Quando fala da terra seu Pavão cita as experiências que fez com o sisal. “O bagaço do sisal é forte e a semente cresce melhor, com o esterco do gado a semente fica mais miúda”. Ele explica como faz a experiência. “A gente não passa o trator, aramos a terra primeiro com o burro, porque o adubo que tem por cima joga pra baixo, e se a terra estiver fraca com o adubo de sisal por cima pode jogar a semente na cova. A semente crioula tem a oportunidade de esperar a chuva por que a terra tá fresca, ela pode até sofrer com muito sol, mas ela consegue resistir por que fica forte com o bagaço do sisal”.
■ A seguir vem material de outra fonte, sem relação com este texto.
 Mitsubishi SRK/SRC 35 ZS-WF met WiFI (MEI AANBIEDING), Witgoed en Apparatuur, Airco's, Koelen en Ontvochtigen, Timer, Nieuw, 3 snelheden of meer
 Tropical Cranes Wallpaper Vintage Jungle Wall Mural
Seu Pavão desenvolveu junto com o MOC um bloco de notas da Casa de Sementes onde são colocadas as informações das sementes. Segundo ele serve para saber quais sementes estão sendo alistadas e preservadas. “Com isso é pra a gente ir guardando e conhecendo as sementes que a gente tem na comunidade. E depois de colocar tudo no papel a gente planta na roça comunitária com mais de trinta pessoas”.
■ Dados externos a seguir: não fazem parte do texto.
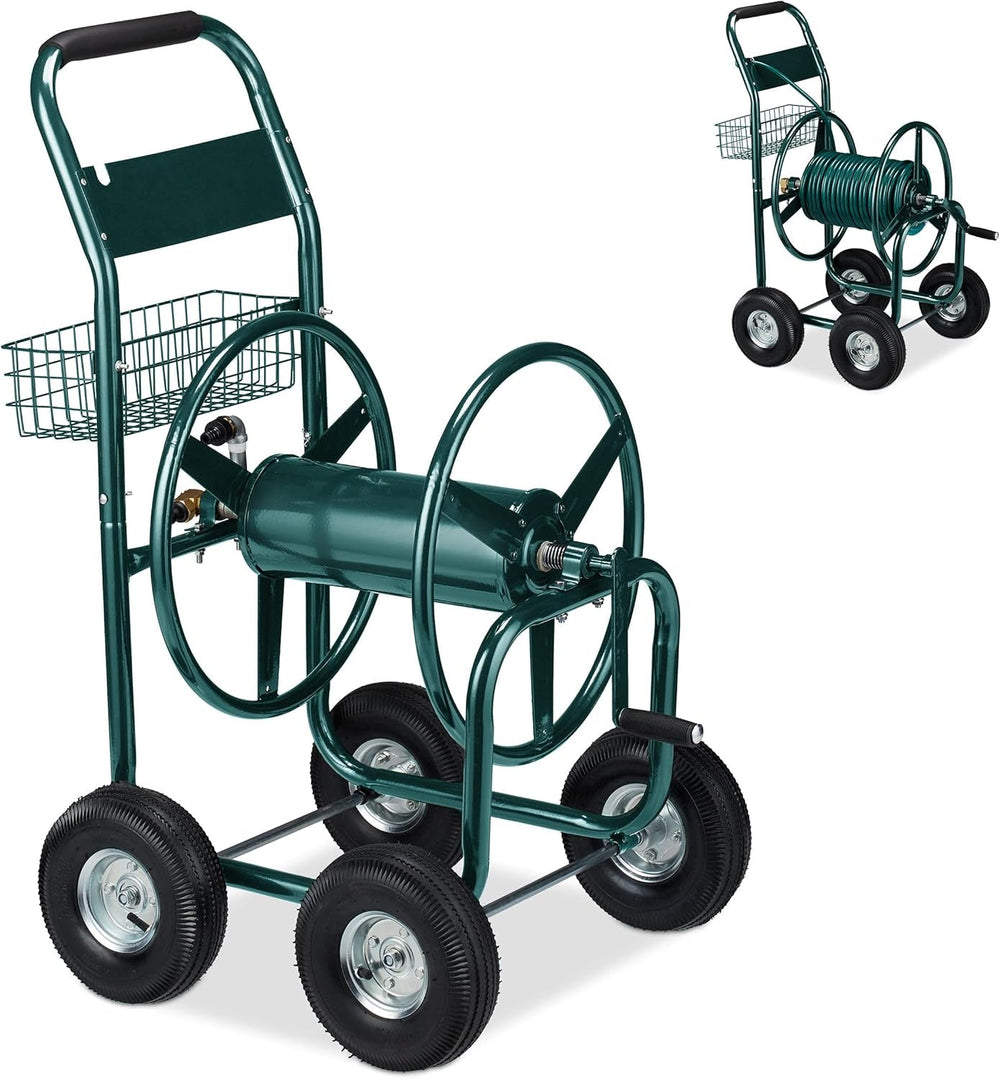 Cărucior furtun Relaxdays, până la 90 m, 4 anvelope pneumatice, cuplaj clic, rolă metalică pentru furtun, distribuitor furtun cu coș, verde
Depois do processo de aragem e plantio das sementes do milho comum e milho de pipoca, dos feijões carioca, preto, ligeirinho, curió, grosso, das bajem amarela e roxa, acontece a colheita, a secagem e armazenamento. “No caso do milho eu deixo secar na palha porque ele tá protegido, mas depois eu deixo ficar um dia no sol e depois eu pego ele e coloco na garrafa pet por proteger bem e com cuidado. Eu vou enchendo aos poucos pra não entra ar e não ter umidade. O feijão vê o tempo que foi plantado ai a gente aproveita o calçadão e bate, deixa lá pra secar uns dois dias, depois deixa ele mais cinco dias na sombra pra esfriar. Em seguida coloca na dorna do tipo que é toda fechada, que só tem uma tampinha com trava, com cuidado pra não ter ar também. Separa uma dorna desse de feijão pra comer e as outras ficam no quarto pra depois plantar e se a gente quiser ela pode passar dois anos ou mais.” As outras sementes de abóbora, jerimum, quiabo, coentro, pimentão também precisam secar e depois colocar todas em garrafa pet.

Mais que uma lição, seu Pavão faz um incentivo. “Para os agricultores, presidentes de associações criarem banco de sementes, não deixar as experiências guardadas. Ensinar as experiências para os jovens, porque a gente não pode deixar só com a gente, tem que multiplicar o que é a semente crioula e deixar ir em frente. A semente faz uma diferença muito grande na nossa vida de agricultor e agricultora. Essas sementes vieram dos avós deles, e quanto tempo tem essa semente? Todo mundo perdeu aqui, mas eu tenho as sementes e eu vou dividir pra cada um. E vamos comer tudo de qualidade porque eu guardei”, fala seu Pavão cheio de esperança para repartir seus conhecimentos.